#### Directions
Retype word for word the stretch of entries below from the line that has "Metallic Vitello Saffiano" through the line that has "Recipe Serving Board", and omit the pictures.

== Information provided

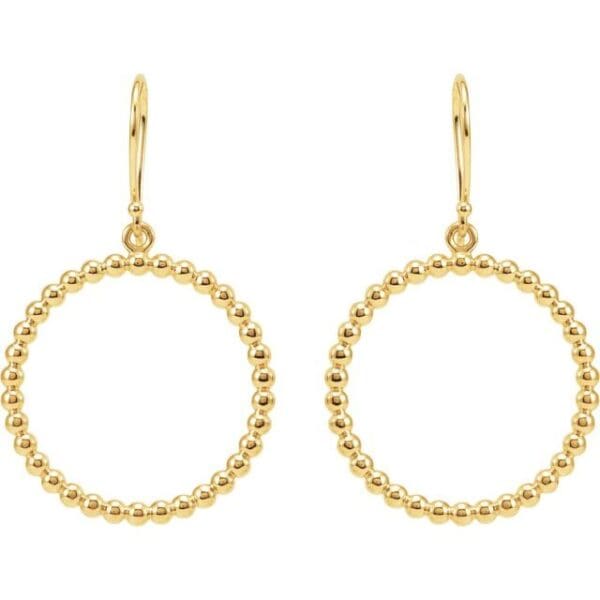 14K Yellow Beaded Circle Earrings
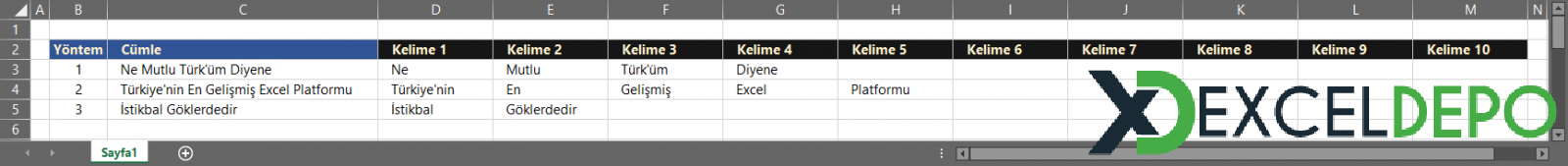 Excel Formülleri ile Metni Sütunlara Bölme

====
== Information provided

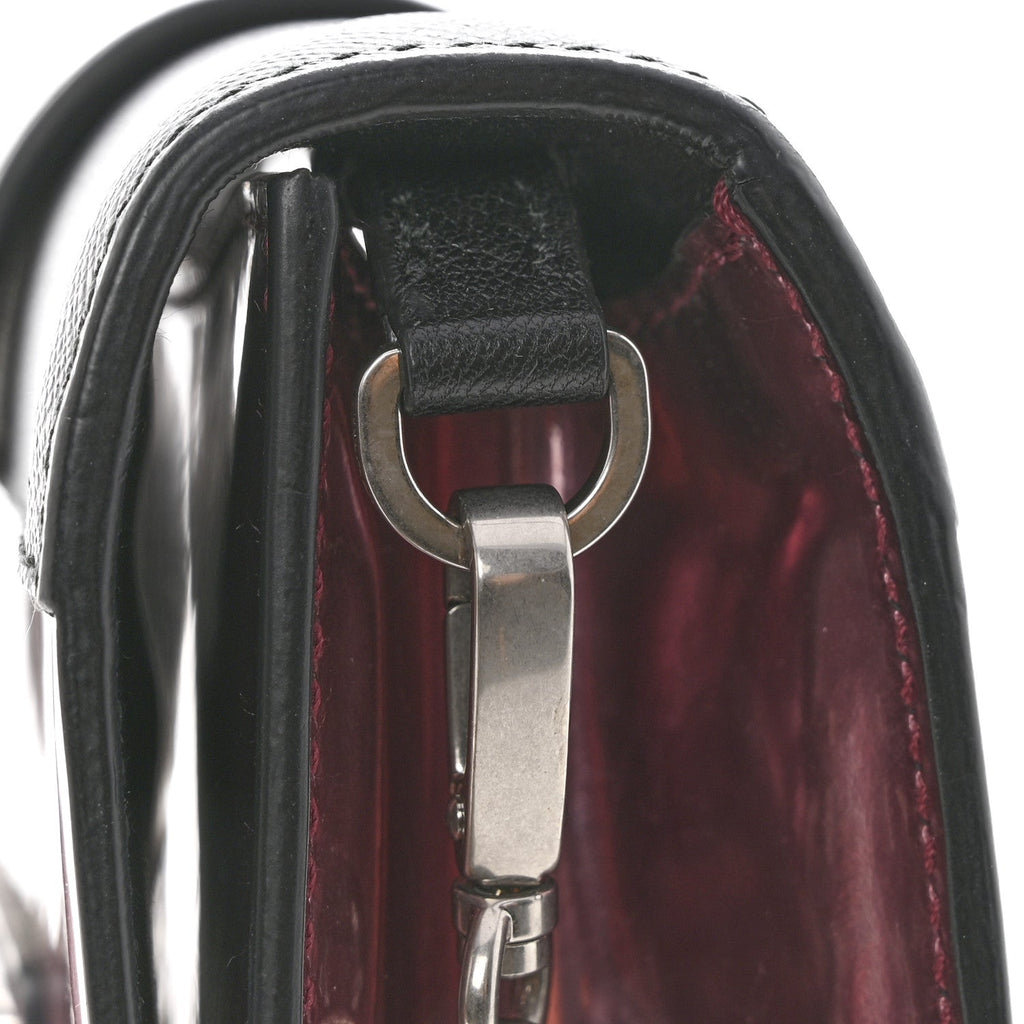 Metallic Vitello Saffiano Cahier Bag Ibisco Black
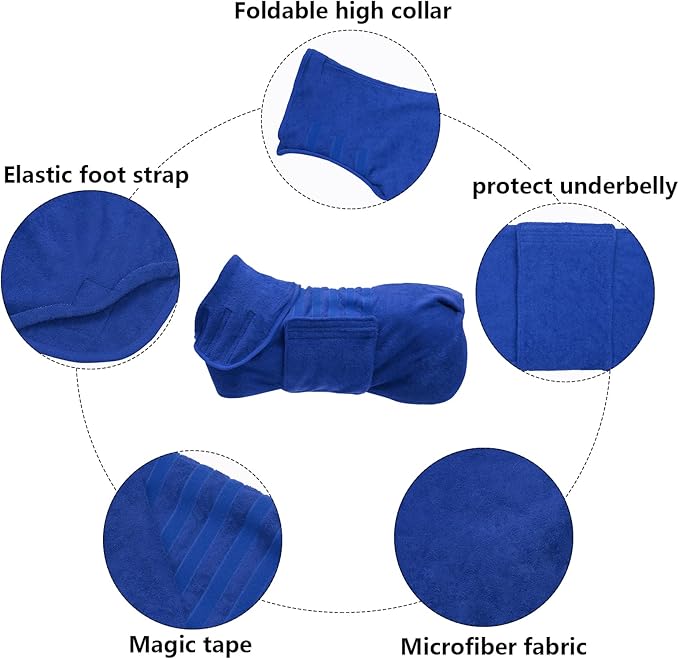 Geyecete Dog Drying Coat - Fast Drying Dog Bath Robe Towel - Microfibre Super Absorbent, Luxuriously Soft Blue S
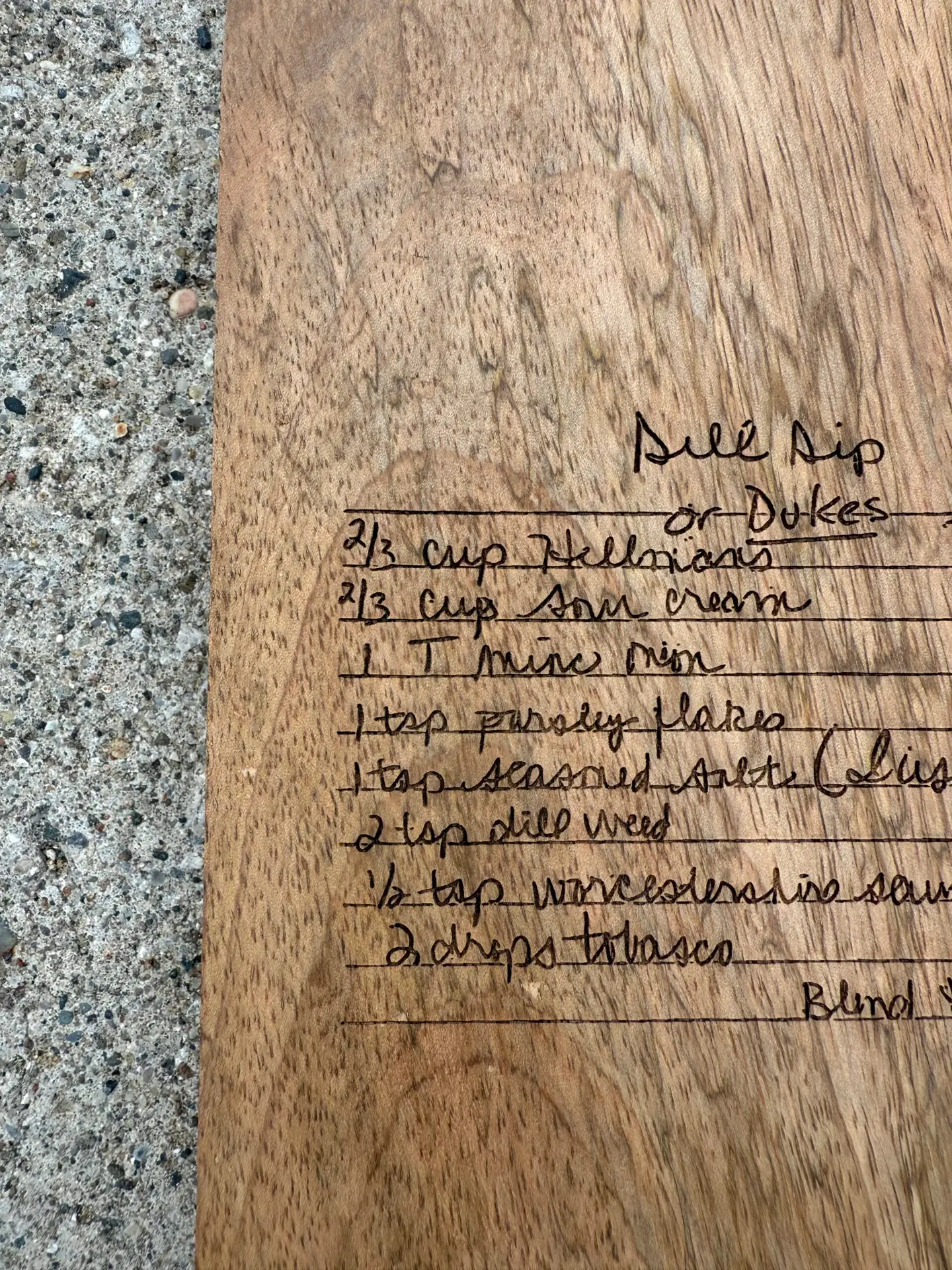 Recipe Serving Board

====
== Information provided

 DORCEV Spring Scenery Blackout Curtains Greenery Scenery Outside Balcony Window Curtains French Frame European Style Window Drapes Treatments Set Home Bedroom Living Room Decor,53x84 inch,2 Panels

====

#### Reply
 Metallic Vitello Saffiano Cahier Bag Ibisco Black
 Geyecete Dog Drying Coat - Fast Drying Dog Bath Robe Towel - Microfibre Super Absorbent, Luxuriously Soft Blue S
 Recipe Serving Board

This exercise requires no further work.